O PAPA FRANCISCO
Para mim, não há dúvidas de que o
Papa Francisco está mais para Galileu do que para Giordano Bruno. Dizem que nos
tempos de arbítrio do regime militar na Argentina – uma ditadura brutal que assassinou
milhares de pessoas – o cardeal Mario Jorge Bergoglio teria sido conivente com
a repressão, sequestros e assassinatos cometidos pela Junta Militar.
Giordano
Bruno – filósofo napolitano e frade dominicano que
viveu no século XVI. Foi condenado à morte na fogueira da Santa Inquisição como
herege, por apontar erros teológicos na doutrina da Igreja e por defender o
heliocentrismo de Nicolau Copérnico. No Tribunal, ofereceram-lhe a chance de
abjurar suas ideias. Não quis! Preferiu morrer a renegá-las.
Galileu Galilei –
considerado o “pai da ciência moderna”, foi um físico, matemático, astrônomo e
filósofo italiano que viveu na segunda metade do século XVI e na primeira do
século XVII. Avançou muito na comprovação do heliocentrismo. Foi também julgado
pela Santa Inquisição e condenado: (1) a abjurar publicamente suas ideias e (b)
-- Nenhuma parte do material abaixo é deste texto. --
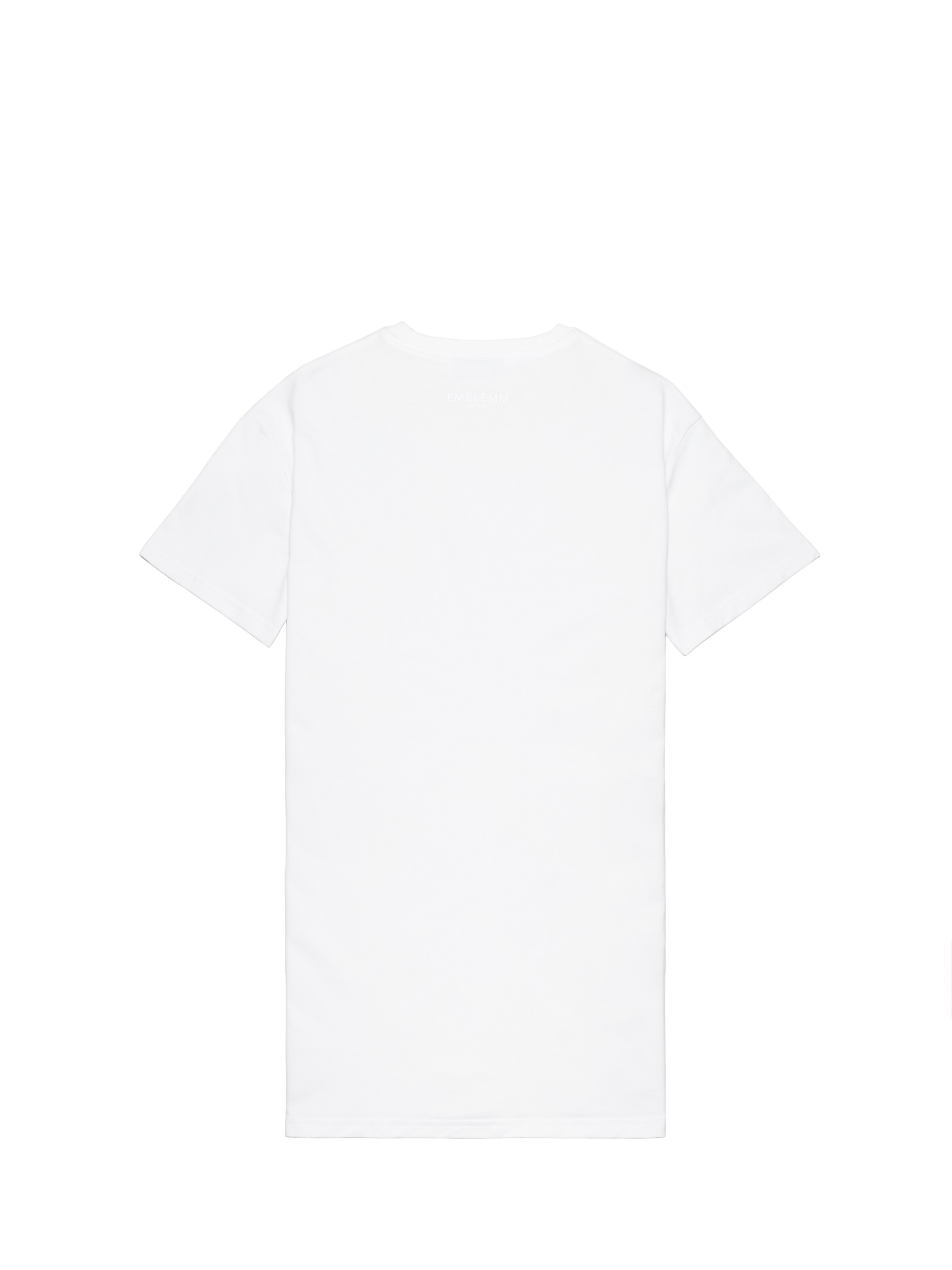 EMBLEMM Oversizekleid 'Vinyl' in Weiß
à prisão perpétua. Seus livros foram incluídos no Index,
portanto censurados e proibidos. De público, Galileu abjurou suas ideias, mas
para seus botões, proclamou: eppur si muove! – “contudo ela [a
Terra] se move!”.
A prisão perpétua foi, depois, comutada para
confinamento, inclusive em casa. Assim, pôde ele dar sequência às pesquisas e
continuar sua contribuição ao desenvolvimento da ciência. Quando Isaac Newton
disse: “Se vi mais longe, foi porque me apoiei no ombro de gigantes”,
certamente estava se referindo também – e principalmente – a Galileu.
Papa
Francisco – O filósofo, escritor e linguista
italiano Umberto Eco, em entrevista à jornalista Ilze Sacamparini nesta semana,
disse – em brincadeira - uma frase interessante sobre o Papa: “Ele não é
argentino, é paraguaio!”. Explicou: ele é um sacerdote herdeiro das tradições
jesuíticas do século XVII, que surgiram a partir de 1607 na Província do
Paraguai (que compreendia o atual Paraguai, o leste da Bolívia, a Argentina, o
Uruguai e o sudoeste do Brasil).
Luiz Carlos Azenha, em excelente
texto, ajuda-nos a entender. Ele comenta o episódio em
que o presidente Evo Morales deu de presente ao Papa Francisco uma escultura de
madeira que mostra Cristo crucificado em foice e martelo. Representantes da grande
mídia latino-americana e brasileira chamaram de “aberração” e de “estupidez” a
atitude de Evo.
Pior,
faltando com a verdade ao dizer que o Papa teria manifestado desconforto com o
presente e dito “Não se faz isso!”, quando o áudio deixa claro que o que ele
disse, sorrindo, depois que Evo explicou a origem do mesmo, foi: “Não sabia
disso!”. Afinal, Francisco – jesuíta que é - não desconhece a experiência
histórica da Companhia de Jesus, que criou a chamada “República Comunista
Cristã dos Guarani”. Foi ela que, por mais de um século e meio, permitiu
que os índios, “acedessem ao estatuto de cidadãos livres, em tudo semelhantes
aos espanhóis e, em muitos aspectos, culturalmente superiores”.
O
que a mídia conservadora não sabe – ou esconde -, é que a referida escultura de
Cristo crucificado em foice e martelo é uma reprodução daquela criada pelo
padre jesuíta espanhol Luis Espinal, um teólogo da libertação que
tinha ligação com os movimentos sociais da Bolívia e que foi assassinado por
paramilitares bolivianos em 1980. Por outro lado, o
Papa Francisco sabe que a foice e o martelo, em cruz, simbolizam a unidade dos
camponeses e operários.
Por sua
coragem de retomar os princípios básicos da Teologia da Libertação e de denunciar
o capitalismo selvagem, chamando-o de “ditadura sutil”, os setores
conservadores brasileiros e latino-americanos odeiam o Papa Francisco. Neste
sentido, o comentário de Paulo Henrique Amorim é preciso: “No Brasil de hoje, se dependesse da oposição que temos o
pontífice, provavelmente, estaria sujeito a um processo de impeachment ou coisa
parecida. Isso se alguém não pedisse a recontagem dos votos dos cardeais que o
elegeram”.
Não há dúvidas de que o Papa Francisco é um papa que está anos-luz à
frente de todos os seus antecessores. O sorriso constante em seus lábios e a
coragem de dizer a quem precisa ouvir as verdades que precisam ser ditas –
principalmente aos que se consideram donos do Mundo e que vivem a promover a
destruição e a barbárie – faz dele um papa com um lugar de destaque em toda a
história do Vaticano.
Principalmente por sua simplicidade e humanismo!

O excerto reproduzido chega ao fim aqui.